Houston Police Department Homicide Sgt. Gonzales and I were working Evening Shift on a cold Sunday afternoon in March of 2006. We received a call that a woman had been found shot to death behind a warehouse near Bush Intercontinental Airport in Houston, Texas. My partner and I arrived at the scene and found a woman who had been shot in the back of the head. She was sitting on a motorcycle, and was slumped over. Next to the body, we found a white powder substance that resembled cocaine. Whoever committed this horrible killing wanted to make it look like a "dope deal gone bad." Our intuition, however, told us it was not. We had the onerous task of calling this young woman's mother, and found out that she had been in a relationship with a man named Vellar Clark. We also put a name on the face of the woman we found dead at this lonely and isolated scene. Her name was Gwen Sneed. We resolved to find the person who did this, and we worked tirelessly to bring the perpetrator to justice. We did not have to look very hard. Gwen's mother informed us that Gwen was happy about finding out she was pregnant. Gwen's mother also told us that Gwen had already lost a child at a young age, so she was thrilled about the prospect of being a mother. Gwen didn't have any enemies, and we knew that there was only one person who didn't want her to have that child. That one horrible person was none other than Vellar Clark. Clark had gotten Gwen pregnant. He was also the father of Gwen's first child, who had been found dead in his crib under very suspicious circumstances.

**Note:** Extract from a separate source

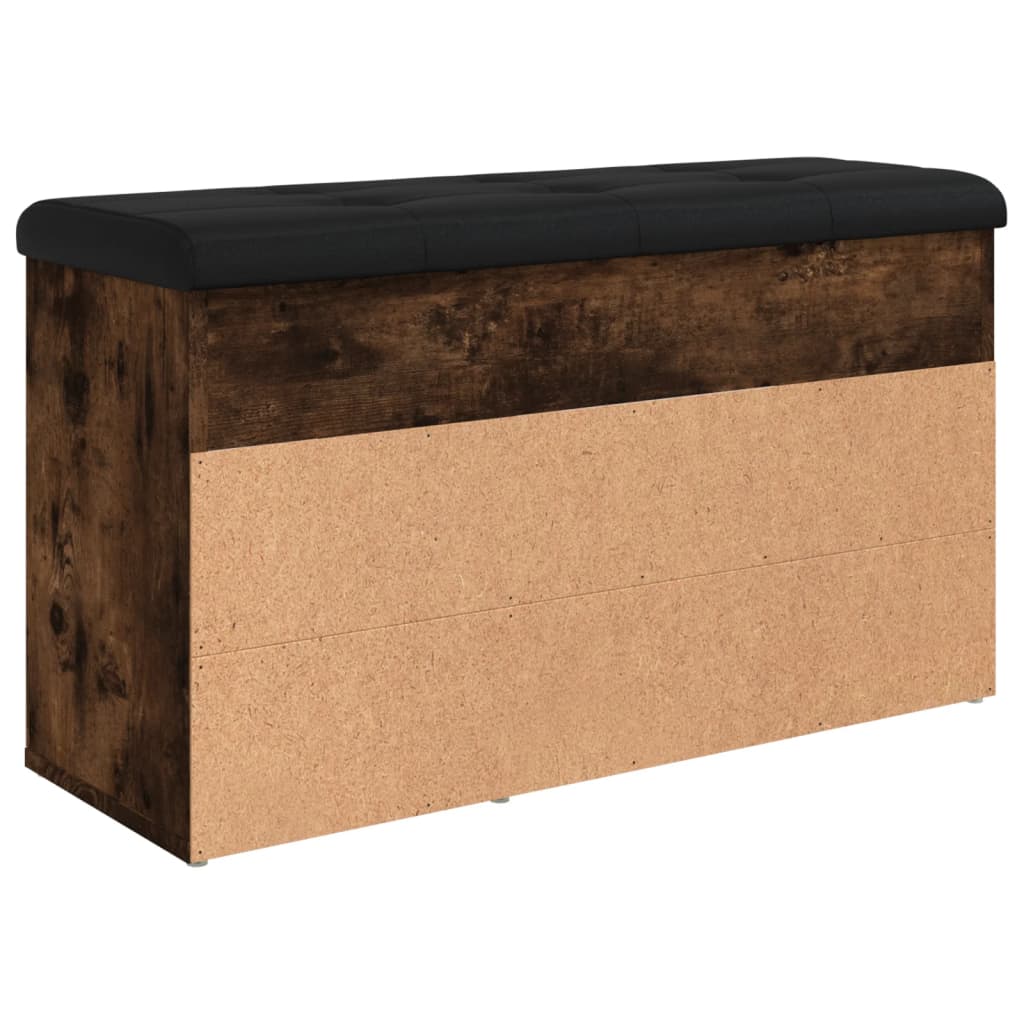 füstös tölgy színű szerelt fa cipőtároló pad 82 x 32 x 45,5 cm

We brought Clark in to find out where he was on the afternoon that Gwen was shot. He told us that he had seen her earlier in the day, but they left on good terms and he went home. He denied ever calling Gwen on the day that she had been killed. However, he did not realize that he had left a trail. We cut him loose and obtained his cell phone records. What we found out was telling—he had called her no fewer than six times on the day she was shot in the back of the head. He had initially denied being at the scene, but due to the activity on his phone, we knew that he was less than one-quarter of a mile from the scene when Gwen made a call on her cell phone. He lied to us, and we knew it. He was guilty, and we had to go about proving it.

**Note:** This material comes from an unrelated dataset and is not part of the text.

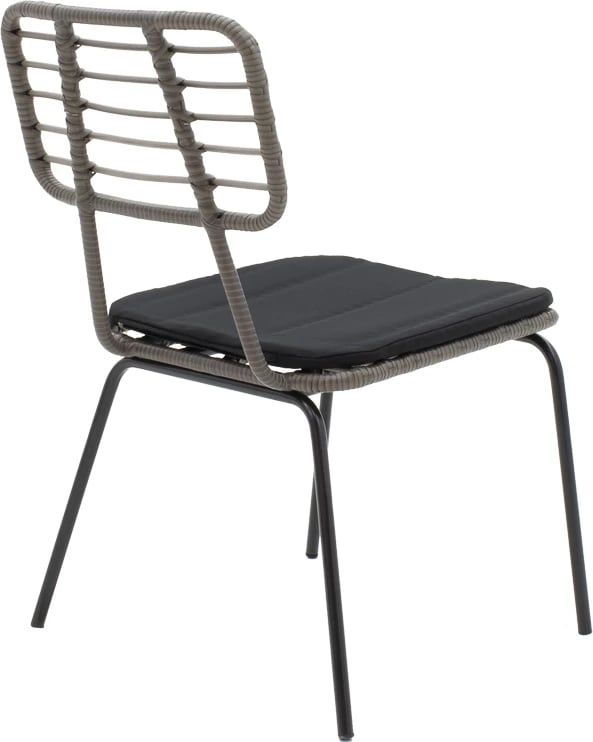 Set tavoline me karrige Naoki-Kliton A, metal i zi, alumin antracit, 150x80x74cm, 7 pjesë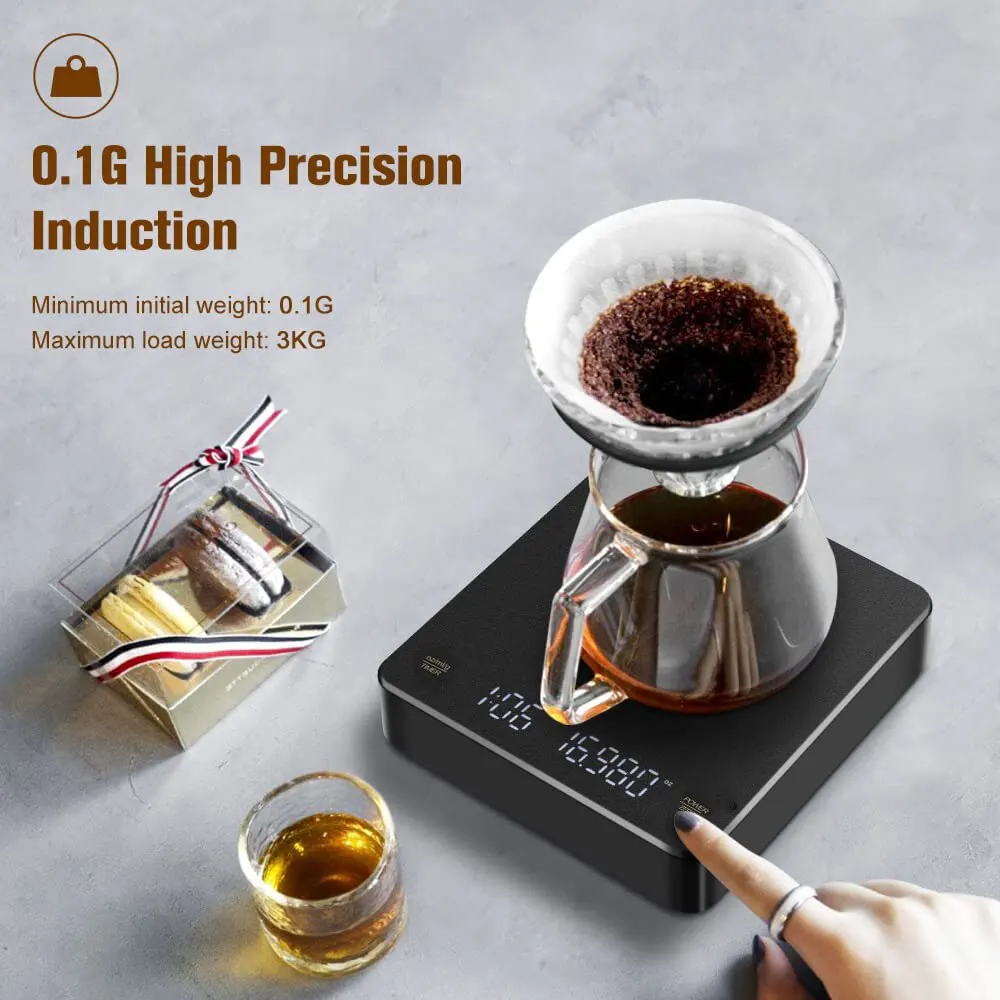 เครื่องชั่งกาแฟดิจิตอลพร้อมเครื่องจับเวลาหน้าจอ LED เอสเปรสโซ่ USB ได้สูงสุด3กก. ชั่งน้ำหนัก0.1ก. ความแม่นยำสูงเครื่องชั่งในครัวออนซ์/มล./กรัม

After working tirelessly on shoring up this case, we developed enough evidence to get an arrest warrant for Vellar Clark. We had discovered that he owned a .45 semi automatic Smith & Wesson, which was consistent with the spent round that was found in Gwen's head.

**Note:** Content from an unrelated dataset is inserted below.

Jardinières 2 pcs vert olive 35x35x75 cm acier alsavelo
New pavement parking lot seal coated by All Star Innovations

Months after this killing had taken place, Vellar Clark was arrested. We interviewed him again, and again, he vehemently denied being at the murder scene. He told us that he had dated Gwen Sneed in the past, but denied being told that she was pregnant. We confronted him with his own cell phone records, and he was boxed into a corner. Clark then admitted to being at the scene, but told us that Gwen had shot herself with his gun because he told her "she couldn't be with him." He had convinced himself that he was so important, Gwen would take her life and that of her unborn child simply because she was depressed about getting dumped. We caught him in so many lies that we lost count. We asked him to reenact exactly how Gwen "shot herself." His explanation was laughable.Nearly two years later, we went to trial. We worked hard with the prosecuting attorney on the case to find justice for Gwen Sneed. We did. After a five-day trial, it took a jury less than three hours to convict Vellar Clark of Capital Murder. It was a capital murder because Clark shot Gwen in the head, knowing that she was pregnant.
We found out that he did it, basically because he viewed the victim as a nuisance and didn't want to pay child support for her baby. He was already paying child support for two other kids he had fathered out of wedlock. While Gwen was a daughter, a sister, and a very loving person to those who knew her, she was nothing but a financial burden to Vellar Clark. And guess what, Clark's stupidity and his arrogance caught up with him. He will have the rest of his life in a Texas prison to think about it.